Brief descriptive captions:

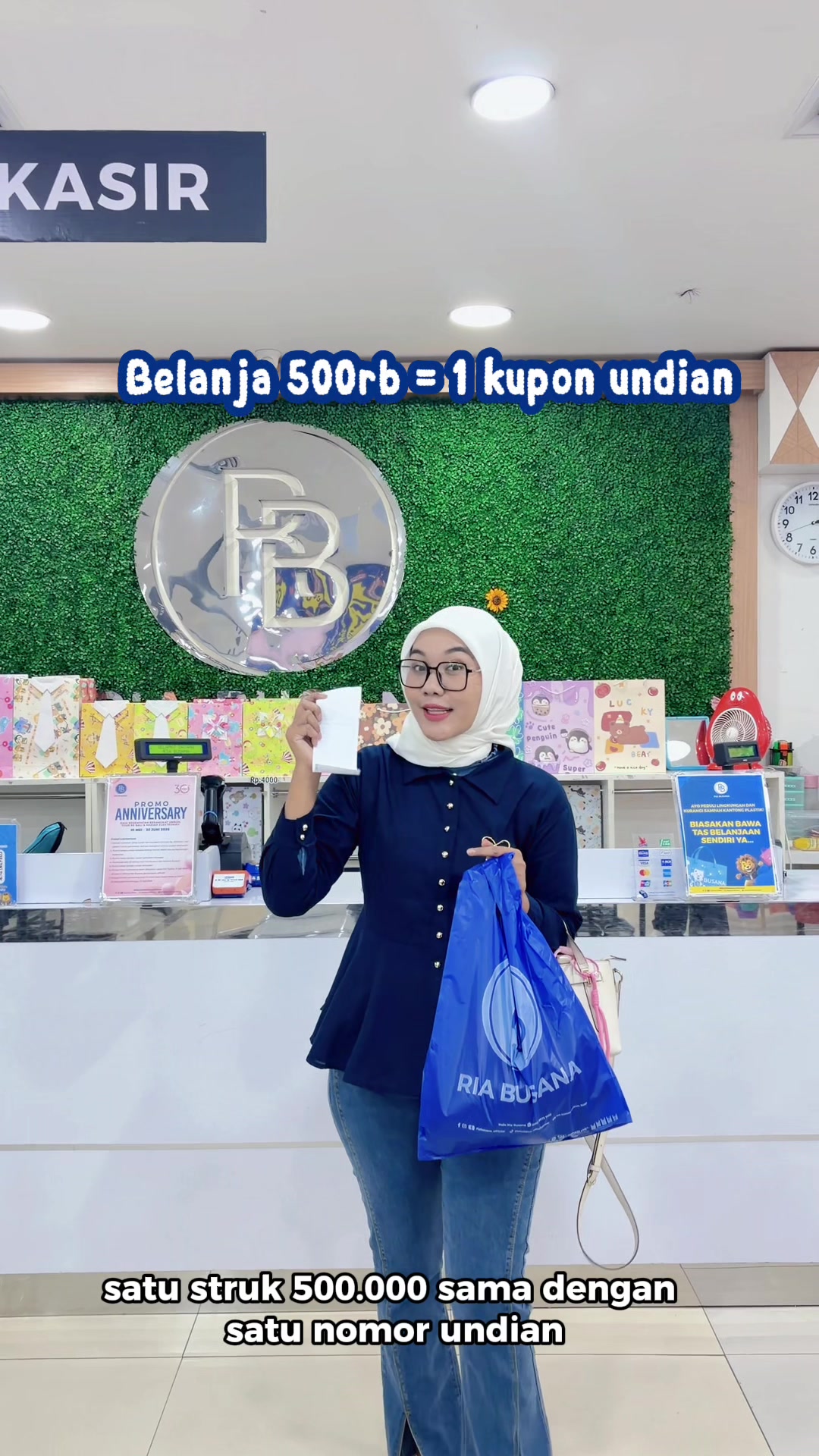 @Indahratsa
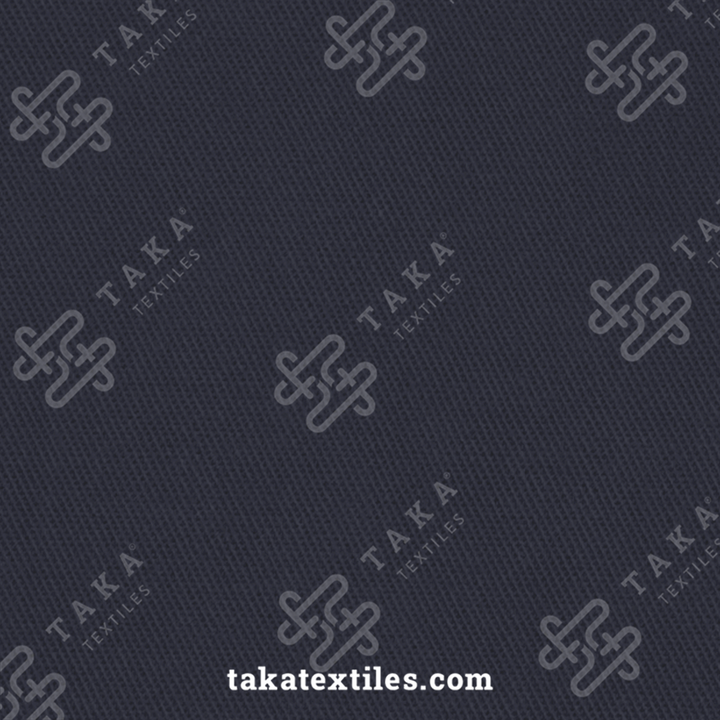 Valleta American Drill - Seragam Sekolah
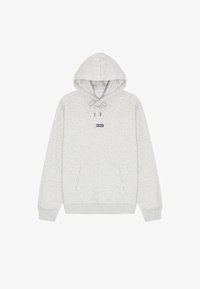 Odabrano, snow melange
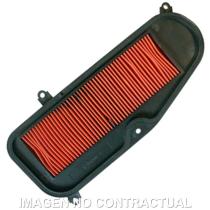 FILTROS MOTO F264418 - FILTRO AIRE MEIWA KYMCO DINK LX 125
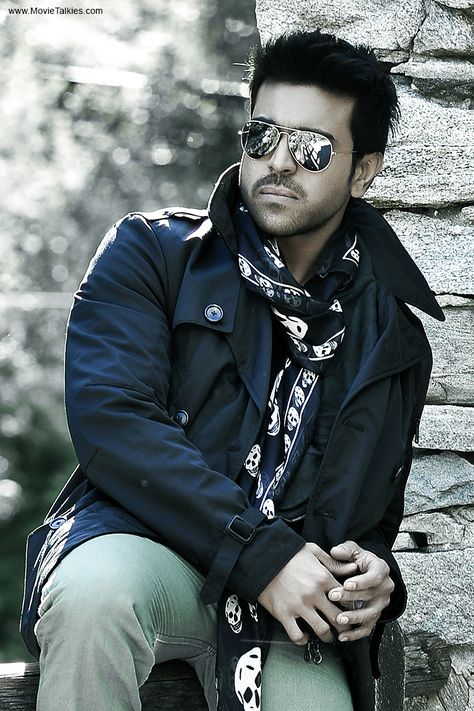 Ram Charan | c | South hero, Ram photos, Allu arjun images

Exercise description => Every line of the records above must reappear exactly, though the pictures must not.

Exercise output =>
 @Indahratsa
 Valleta American Drill - Seragam Sekolah
 Odabrano, snow melange
 FILTROS MOTO F264418 - FILTRO AIRE MEIWA KYMCO DINK LX 125
 Ram Charan | c | South hero, Ram photos, Allu arjun images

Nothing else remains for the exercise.